The trolley problem
In 2009, a pair of computer scientists published a paper enabling computers to behave like humans on the trolley problem (PDF here). They developed a logic that a computer could use to justify not pushing one person onto the tracks in order to save five other people. They described this feat as showing "how moral decisions can be drawn computationally by using prospective logic programs."
I would describe it as devoting a lot of time and effort to cripple a reasoning system by encoding human irrationality into its logic.
Which view is correct?
Dust specks
Eliezer argued that we should prefer 1 person being tortured for 50 years over 3^^^3 people each once getting a barely-noticeable dust speck in their eyes. Most people choose the many dust specks over the torture. Some people argued that "human values" includes having a utility aggregation function that rounds tiny (absolute value) utilities to zero, thus giving the "dust specks" answer. No, Eliezer said; this was an error in human reasoning. Is it an error, or a value?
Sex vs. punishment
In Crime and punishment, I argued that people want to punish criminals, even if there is a painless, less-costly way to prevent crime. This means that people value punishing criminals. This value may have evolved to accomplish the social goal of reducing crime. Most readers agreed that, since we can deduce this underlying reason, and accomplish it more effectively through reasoning, preferring to punish criminals is an error in judgement.
Most people want to have sex. This value evolved to accomplish the goal of reproducing. Since we can deduce this underlying reason, and accomplish it more efficiently than by going out to bars every evening for ten years, is this desire for sex an error in judgement that we should erase?
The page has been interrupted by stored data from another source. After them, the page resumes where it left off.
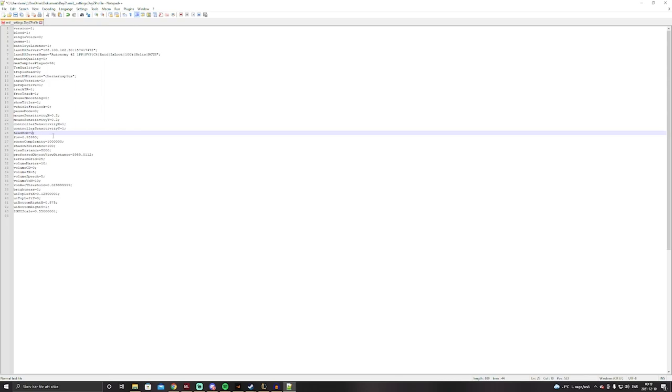FOV you can leave as it is. You can change your FOV in game, so it doesn't matter, you can just leave it.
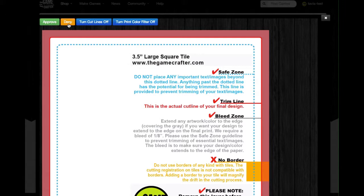There's a green Approve button, and you can click this if you're happy with what you see. If you don't like what you see and you want to make a change, click on the orange Deny button. Then you can choose to toggle the cut lines, as well as the Print Color Filter on and off. We recommend leaving the Print Color Filter on, because this gives you the best representation for the colors in your product.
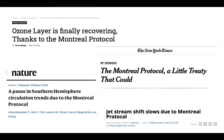The ozone layer is recovering. The Montreal Protocol has been super successful and has actually served as a role model for other protocols like the Paris Climate Accords or the Kyoto Protocol, which we'll talk about later, in terms of how to do successful international policy.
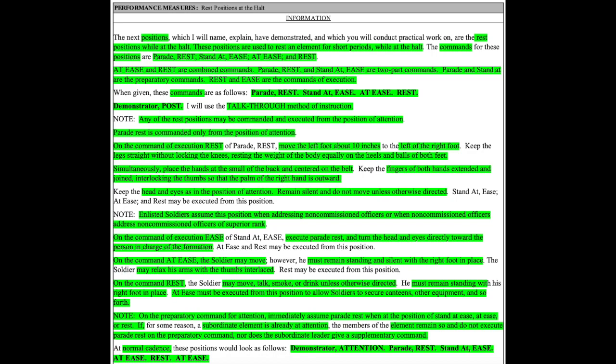On the command rest, the soldier may move, talk, smoke, or drink unless otherwise directed. He must remain standing with his right foot in place. At ease must be executed from this position to allow soldiers to secure canteens, other equipment, and so forth.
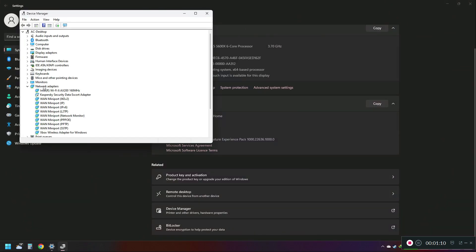Now under the Network Adapter section, check if the adapter driver is disabled. I don't know why, but Windows 11 automatically disables this adapter.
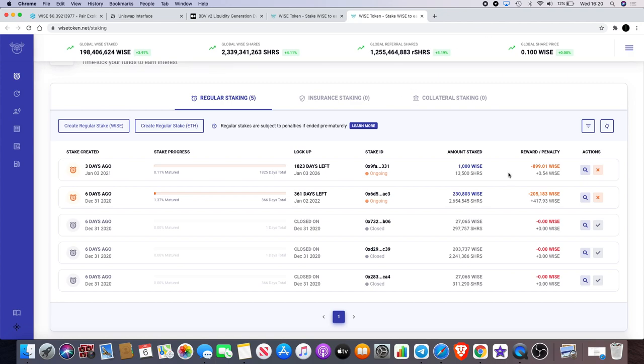And you actually get interest off the shares. So as you can see I've actually earned 417.93 Wise over the duration of six days what I've staked already. So if we work that out, let's get the calculator back out and do another calculation.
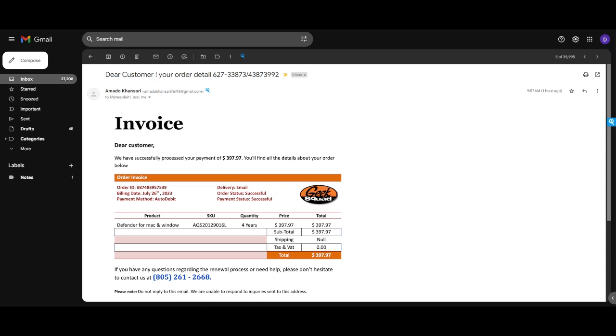99% of the time, unless it's a small mom and pop business, you're going to see a customized domain, whether this be, since this is from Geek Squad, whether it be Best Buy, Geek Squad, a company like that. So coming from a Gmail, it is already a pretty great indicator that this is a phishing email, but let's go ahead and dive a little bit deeper.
The problem for Friendly AI
Until you come up with a procedure for determining, in general, when something is a value and when it is an error, there is no point in trying to design artificial intelligences that encode human "values".
(P.S. - I think that necessary, but not sufficient, preconditions for developing such a procedure, are to agree that only utilitarian ethics are valid, and to agree on an aggregation function.)
Estimates of individual utility functions can be averaged, if you do it right, so far as I can tell. A possible estimate of everybody's utility is a computable function that given a person id and the person's circumstances, returns a rational number in the interval [0,1]. Discard the computable functions inconsistent with observed behavior of people. Average over all remaining possibilities weighing by the universal prior, thus giving you an estimated utility for each person in the range [0, 1]. We're estimating utilities for humans, not arbitrary hypothetical creatures, so there's an approximate universal minimum utility (torturing you and everyone you care about to death) and an approximate maximum utility (you get everything you want). We're estimating everybody's utility with one function, so an estimate that says that I don't like to be tortured will be simpler than one that doesn't even if I have never been tortured, because other people have attempted to avoid torture.
Does that proposal make sense? (I'm concerned that I may have been too brief.)
Does anything obvious break if you average these across humans?
As far as I see, your proposal is well-defined and consistent. However, even if we ignore all the intractable problems with translating it into any practical answers about concrete problems (of which I'm sure you're aware), this is still only one possible way to aggregate and compare utilities interpersonally, with no clear reason why you would use it instead of some other one that would favor and disfavor different groups and individuals.